The specific AGI framing — the view that AI systems are approaching a level of general capability that will be transformative and potentially existential — is also associated with EA.

Important

This framing has specific effects on how the race is conducted:

  • It creates a specific urgency — if AGI is coming soon, the decisions made now about who builds it and how are extraordinarily consequential.
  • It creates a specific theory of impact — being at the frontier and having influence over how AGI is built is more valuable than not being at the frontier and having less influence.
  • It creates a specific tension — the urgency to be at the frontier is in tension with the caution that the potential risks of AGI would seem to require.

The Safety-Capability Tradeoff: Real or Imagined?

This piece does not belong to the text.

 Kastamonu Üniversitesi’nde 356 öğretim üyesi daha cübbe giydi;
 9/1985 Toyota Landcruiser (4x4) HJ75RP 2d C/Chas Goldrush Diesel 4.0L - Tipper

One of the most persistently debated questions in the AI industry is whether safety and capability are fundamentally in tension — whether working on making AI systems safer necessarily comes at the cost of making them less capable, or whether safety and capability are more complementary than they appear.

Example

The pessimistic view: Safety research is inherently slower and more difficult than capability research, that organisations that prioritise safety will fall behind organisations that prioritise capability, and that the competitive dynamics of the AI race create pressure to prioritise capability over safety.

The optimistic view: Safety and capability are not fundamentally in tension — that the same research that makes AI systems more capable also makes them more reliable, more interpretable, and more controllable. The development of RLHF, for example, was simultaneously a capability improvement (models trained with RLHF followed instructions better) and a safety improvement (models trained with RLHF were less likely to produce harmful outputs).

Note

The more important point may be that the question is somewhat artificial. AI development organisations do not face a simple binary choice between safety and capability. They face a range of specific decisions about what to work on, how to train models, what to deploy, and at what pace. The aggregate effect of those decisions on both safety and capability depends on the specific choices made, not on an abstract tradeoff.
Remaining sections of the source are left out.